柳青青与三生柳的羁缠,是轮回里写不尽的缘,前世她是柳山灵,以千年柳为骨,守着故土等一人;今生转世为青衣女子,却在柳树下拾起旧忆,与故人重逢爱恨交织;后世化柳絮飘散,却始终记得三生石上的约,柳青青的三生,是柳的生,也是情的生,岁月流转,柳不老,缘不绝。
江南的柳,总带着点化不开的柔,可镇东头那棵老柳树,偏生在柔里藏了股韧劲儿,枝干虬结如龙,柳叶却永远比别处更青一分,镇上人说,这树有灵,见过三生烟火,守着一个叫“柳青青”的姑娘。
第一生:春絮初逢
我第一次见柳青青,是十五岁的暮春,那时我刚跟着先生从城里回来,揣着本半旧的《诗经》,在老柳树下躲雨,雨丝斜斜穿过柳叶,在青石板上织了层薄雾,忽听头顶传来细碎的笑声,抬头看,穿鹅黄襦裙的姑娘正踮着脚,折了根柳枝编环,发间簪着朵刚摘的栀子,香得能把雨味都染甜了。
“柳枝编环,能系住风呢。”她转过头,眼睛亮得像浸了雨的星子,“我叫柳青青,就是这树名儿起的。”

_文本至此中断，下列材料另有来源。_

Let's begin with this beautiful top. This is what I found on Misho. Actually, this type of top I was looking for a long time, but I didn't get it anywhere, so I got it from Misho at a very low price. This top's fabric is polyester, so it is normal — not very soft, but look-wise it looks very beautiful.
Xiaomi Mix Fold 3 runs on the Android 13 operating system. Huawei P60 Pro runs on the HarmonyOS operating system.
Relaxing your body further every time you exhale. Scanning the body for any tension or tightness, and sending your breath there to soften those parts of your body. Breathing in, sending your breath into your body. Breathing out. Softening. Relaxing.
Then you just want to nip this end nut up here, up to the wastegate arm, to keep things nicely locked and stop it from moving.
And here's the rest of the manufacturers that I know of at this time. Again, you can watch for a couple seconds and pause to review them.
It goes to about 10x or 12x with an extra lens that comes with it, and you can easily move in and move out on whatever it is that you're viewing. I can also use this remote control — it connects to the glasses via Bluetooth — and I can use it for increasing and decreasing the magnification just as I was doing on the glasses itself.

我攥着《诗经》里的“昔我往矣,杨柳依依”,脸突然烧起来,后来才知道,她是镇上柳记染坊的独女,自小跟着学染布,能把柳叶的绿染进布里,经年不褪,那日她送我一方青布帕,帕角绣着片小小的柳叶,针脚细密,像把整个春天都缝了进去。
第二生:夏蝉长鸣
再遇柳青青,是三年后的盛夏,彼时我考中了秀才,回镇上省亲,却见柳记染坊门口挂着“歇业”的木牌,老柳树下坐着位白发老人,是青青的阿爷,正用蒲扇拍着腿叹:“今年的蚕桑被虫啃了,染坊怕是撑不住了。”
我寻到后院,见青青正蹲在染缸边,手浸在蓝靛水里,指节泛着白,她抬头看我,眼里没了当年的光,只有股执拗:“我爹说柳树能活千年,染坊也能再起来。”她指着院里新栽的小柳树,“你看,我给它浇了三担水,它发了三个芽,准能活。”

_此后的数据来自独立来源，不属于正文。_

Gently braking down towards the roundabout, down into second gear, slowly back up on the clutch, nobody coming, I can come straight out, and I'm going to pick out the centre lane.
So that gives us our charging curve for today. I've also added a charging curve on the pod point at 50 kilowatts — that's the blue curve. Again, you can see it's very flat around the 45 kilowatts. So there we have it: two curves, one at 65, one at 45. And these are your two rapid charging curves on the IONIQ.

那日我留了些银两,她却只收了布帕的钱:“阿爷说,情分不能卖,就像柳树,根扎在土里,就不怕风大。”后来我常去帮她挑水、晒布,看她在柳树下用木槌捶打布匹,声音“咚咚”地响,像在给夏天打节拍,直到秋凉,染坊的布又摆满了货架,青青在柳树下给我绣了方新帕,这次是两只柳叶并排,她说:“像我们,一起守着这树。”
第三生:秋霜不凋
又过了十年,我中了举,外放做官,离任前回镇,老柳树更粗壮了,枝条垂到河面,风一吹,柳叶扫着水波,像在写诗,柳记染坊成了镇上的招牌,青青嫁了人,是镇上的教书先生,生了个女儿,小名也叫“柳柳”。
我坐在柳树下喝茶,青青端着茶盏出来,眼角有了细纹,笑起来却还是当年的模样:“你走那年,我在这树下埋了坛酒,说等你回来喝。”酒坛挖出来,泥封一开,香得漫了整条街,我们聊起往事,她说那年染坊难时,她天天在柳树下哭,树上的蝉就拼命叫,好像在给她鼓劲;女儿柳柳总爱缠着老柳树,说要等它长出“第四个芽”。
夕阳西下,把柳叶的影子拉得老长,青青指着树干上的一处疤:“那年雷劈了它半边枝,我以为它活不成了,谁知第二年春天,又发了新芽,你看,生命多倔,就像这柳树,倒了还能站起来。”
我离开时,青青送我到村口,老柳树在风中摇曳,柳叶沙沙,像在说“再见”,后来我总想起她的话:柳树有三生,人也有三生,第一生是相遇,像柳絮沾衣,温柔了时光;第二生是相守,像柳枝缠树,熬过了风雨;第三生是相念,像老树盘根,活成了彼此的根。
而柳青青,就是那棵长在我心里的柳树,青了四季,也青了我一生。